I'm experiencing an awkward issue while trying to run a principal component analysis on my data. I've tried to useprcomp
(base) and rda
(vegan), but the analysis is considering columns as sample units instead of rows, which causes all sorts of issues with the analysis.
The following code is a simplification of my data. The actual dataset is composed of nearly 2000 columns and around 350 rows. However, the issue is the same when I run the script bellow:
rn <- rnorm(8000)
dt <- matrix(rn, nrow=80, ncol=1000)
result <- rda(dt, scale=T)
summary(result)
At first I thought this would be an common error, however I coudn't find any similar issues nor solutions to it.
Is there a way to clearly specify which dimension to use as sample units?
Whilst you can perform PCA on a data set with more variables, p, than observations, n, using the SVD method, there are at most n principal components, or n-1 if the data are centred.
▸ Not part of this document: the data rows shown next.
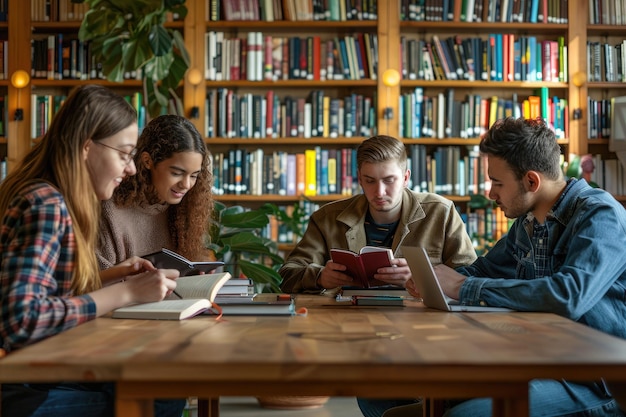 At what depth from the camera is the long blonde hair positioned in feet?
5.59

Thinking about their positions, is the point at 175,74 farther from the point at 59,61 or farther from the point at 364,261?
the point at 364,261

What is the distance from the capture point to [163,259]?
6.97ft

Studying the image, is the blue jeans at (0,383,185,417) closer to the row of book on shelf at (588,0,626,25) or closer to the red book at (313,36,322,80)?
the red book at (313,36,322,80)

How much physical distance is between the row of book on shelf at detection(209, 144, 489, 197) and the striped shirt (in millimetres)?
3457

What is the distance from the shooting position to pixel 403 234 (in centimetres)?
278

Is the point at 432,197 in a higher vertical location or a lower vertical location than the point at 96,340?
higher

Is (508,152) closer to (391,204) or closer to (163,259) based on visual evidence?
(391,204)

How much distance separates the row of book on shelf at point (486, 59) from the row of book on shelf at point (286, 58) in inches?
11.1

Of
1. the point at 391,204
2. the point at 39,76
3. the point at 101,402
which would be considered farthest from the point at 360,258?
the point at 39,76

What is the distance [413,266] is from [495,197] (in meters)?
0.33

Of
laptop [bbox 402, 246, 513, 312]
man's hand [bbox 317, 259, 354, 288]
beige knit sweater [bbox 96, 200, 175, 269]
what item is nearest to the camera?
laptop [bbox 402, 246, 513, 312]

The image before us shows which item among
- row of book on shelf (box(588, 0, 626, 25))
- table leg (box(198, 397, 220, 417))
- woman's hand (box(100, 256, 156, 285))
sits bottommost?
table leg (box(198, 397, 220, 417))

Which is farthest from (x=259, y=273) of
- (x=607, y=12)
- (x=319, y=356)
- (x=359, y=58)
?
(x=607, y=12)

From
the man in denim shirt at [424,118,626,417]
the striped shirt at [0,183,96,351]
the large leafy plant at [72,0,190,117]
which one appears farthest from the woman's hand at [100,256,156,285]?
the large leafy plant at [72,0,190,117] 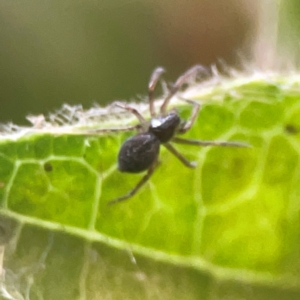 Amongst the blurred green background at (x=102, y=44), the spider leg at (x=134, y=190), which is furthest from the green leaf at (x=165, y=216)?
the blurred green background at (x=102, y=44)

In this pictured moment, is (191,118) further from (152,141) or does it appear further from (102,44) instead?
(102,44)

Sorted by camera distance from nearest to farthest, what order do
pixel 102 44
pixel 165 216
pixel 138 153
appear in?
pixel 165 216, pixel 138 153, pixel 102 44

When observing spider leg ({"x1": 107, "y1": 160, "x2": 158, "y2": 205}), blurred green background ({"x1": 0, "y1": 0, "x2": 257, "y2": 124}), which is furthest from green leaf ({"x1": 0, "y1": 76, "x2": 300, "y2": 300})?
blurred green background ({"x1": 0, "y1": 0, "x2": 257, "y2": 124})

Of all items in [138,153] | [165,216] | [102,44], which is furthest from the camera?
[102,44]

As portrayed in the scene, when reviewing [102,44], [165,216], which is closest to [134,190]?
[165,216]

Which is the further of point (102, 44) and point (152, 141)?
point (102, 44)

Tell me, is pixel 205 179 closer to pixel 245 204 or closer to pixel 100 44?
pixel 245 204

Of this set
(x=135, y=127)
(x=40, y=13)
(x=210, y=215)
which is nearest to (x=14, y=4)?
(x=40, y=13)

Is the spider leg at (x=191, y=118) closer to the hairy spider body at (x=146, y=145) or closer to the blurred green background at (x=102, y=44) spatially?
the hairy spider body at (x=146, y=145)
If you dig into the results from the PCA you fitted, you'll see that it considered all variables and that they remained as variables:
> r2 <- rda(dt, scale=T)
> dim(scores(r2, display = 'species'))
[1] 1000 2
'species'
is vegan's way of referring to the variable loadings; there are 1000 variables.
Compare with prcomp()
, which also used SVD:
> r1 <- prcomp(dt, scale = TRUE)
> dim(scores(r1, display = 'species'))
[1] 1000 80
again 1000 variables, 80 principal components (the reason for 80 here, vs 2 earlier is just the default for choices
, i.e. which axes to extract scores for.)